Any good strategies for dealing with 'not reproducible' bugs? [closed]

Very often you will get or submit bug reports for defects that are 'not reproducible'. They may be reproducible on your computer or software project, but not on a vendor's system. Or the user supplies steps to reproduce, but you can't see the defect locally. Many variations on this scenario of course, so to simplify I guess what I'm trying to learn is:

What is your company's policy towards 'not reproducible' bugs? Shelve them, close them, ignore? I occasionally see intermittent, non reproducible bugs in 3-rd party frameworks, and these are pretty much always closed instantly by the vendor... but they are real bugs.

Have you found any techniques that help in fixing these types of bugs? Usually what I do is get a system info report from the user, and steps to reproduce, then search on keywords, and try to see any sort of pattern.


Solution 1:

  • Verify the steps used to produce the error

Oftentimes the people reporting the error, or the people reproducing the error, will do something wrong and not end up in the same state, even if they think they are. Try to walk it through with the reporting party. I've had a user INSIST that the admin privileges were not appearing correctly. I tried reproducing the error and was unable to. When we walked it through together, it turned out he was logging in as a regular user in that case.

  • Verify the system/environment used to produce the error

I've found many 'irreproducible' bugs and only later discovered that they ARE reproducible on Mac OS (10.4) Running X version of Safari.
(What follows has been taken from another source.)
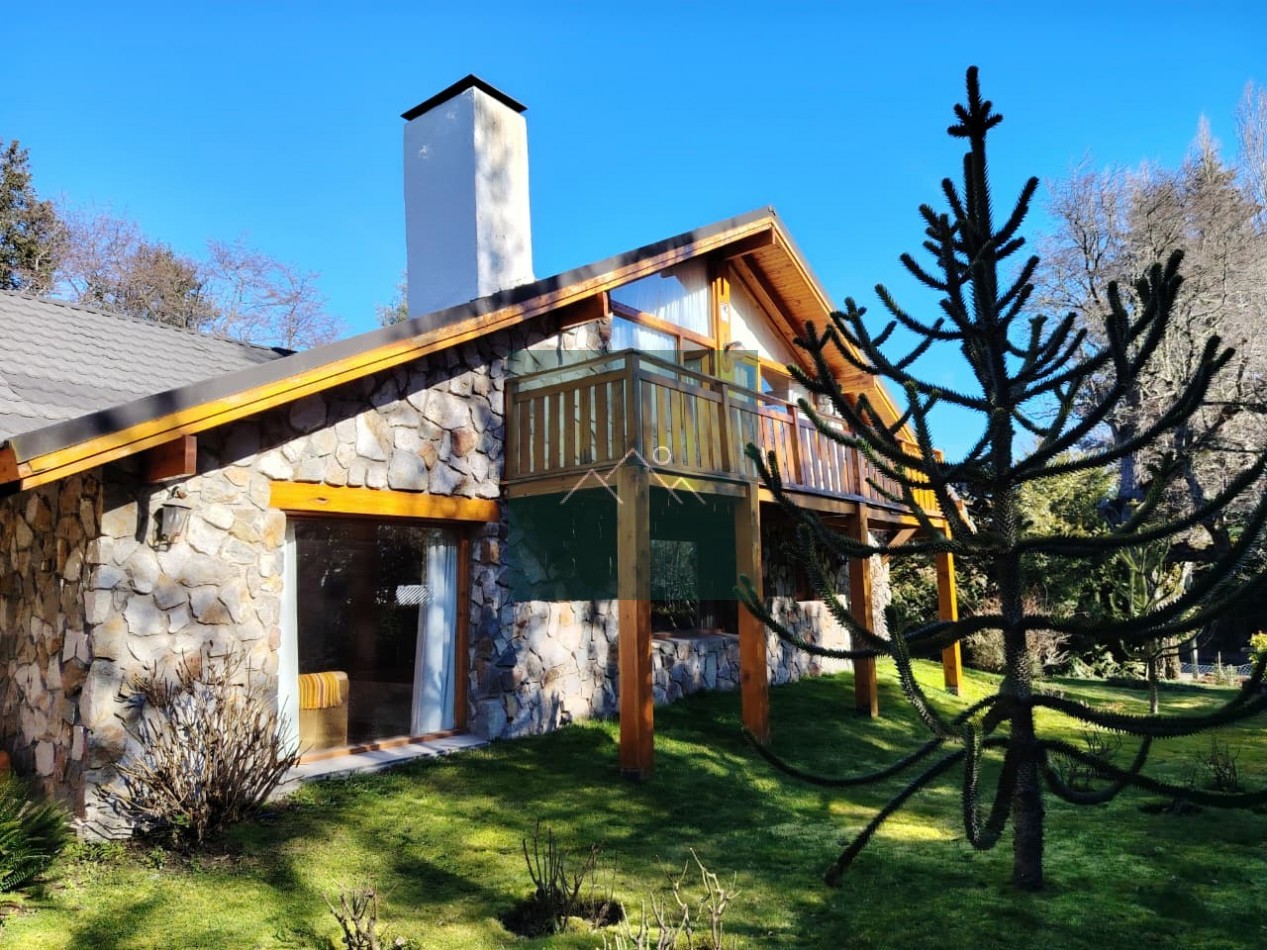 HERMOSA CASA EN VENTA - LOMAS DE CORRENTOSO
And this doesn't apply only to browsers and rendering, it can apply to anything; the other applications that are currently being run, whether or not the user is RDP or local, admin or user, etc... Make certain you get your environment as close to theirs as possible before calling it irreproducible.
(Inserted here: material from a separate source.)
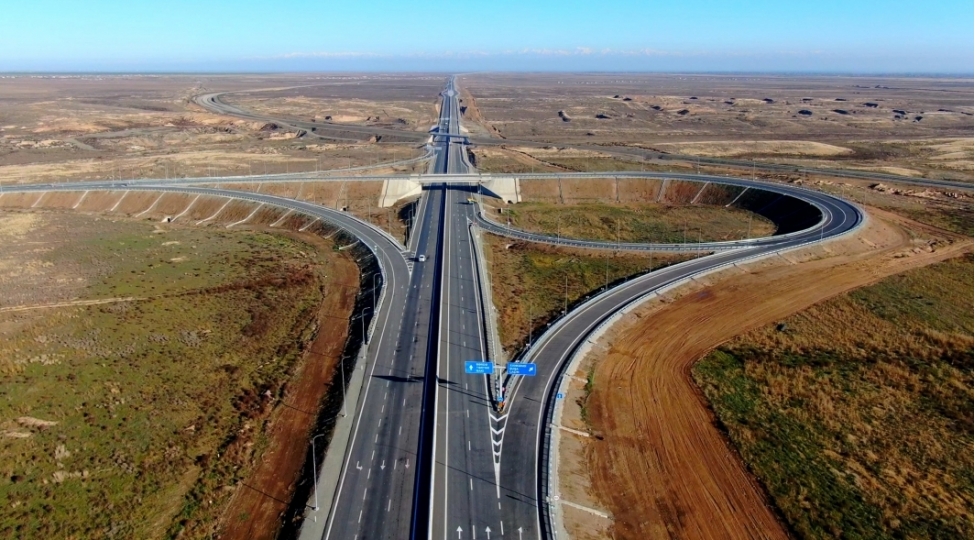 yenilenen-muasirleshen-yol-infrastrukturu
  • Gather Screenshots and Logs

Once you have verified that the user is doing everything correctly and still getting a bug, and that you're doing exactly what they do, and you are NOT getting the bug, then it's time to see what you can actually do about it. Screenshots and logs are critical. You want to know exactly what it looks like, and exactly what was going on at the time.

It is possible that the logs could contain some information that you can reproduce on your system, and once you can reproduce the exact scenario, you might be able to coax the error out of hiding.

Screenshots also help with this, because you might discover that "X piece has loaded correctly, but it shouldn't have because it is dependent on Y" and that might give you a hint. Even if the user can describe what were doing, a screen shot could help even more.

  • Gather step-by-step description from the user

It's very common to blame the users, and not trust anything that they say (because they call a 'usercontrol' a 'thingy') but even though they might not know the names of what they're seeing, they will still be able to describe some of the behaviour they are seeing. This includes some minor errors that may have occured a few minutes BEFORE the real error occurred, or possibly slowness in certain things that are usually fast. All these things can be clues to help you narrow down which aspect is causing the error on their machine and not yours.

  • Try Alternate Approachs to produce the error

If all else fails, try looking at the section of code that is causing problems, and possibly refactor or use a workaround. If it is possible for you to create a scenario where you start with half the information already there (hopefully in UAT) ask the user to try that approach, and see if the error still occurs. Do you best to create alternate but similar approaches that get the error into a different light so that you can examine it better.

Solution 2:

Short answer: Conduct a detailed code review on the suspected faulty code, with the aim of fixing any theoretical bugs, and adding code to monitor and log any future faults.

Long answer: To give a real-world example from the embedded systems world: we make industrial equipment, containing custom electronics, and embedded software running on it.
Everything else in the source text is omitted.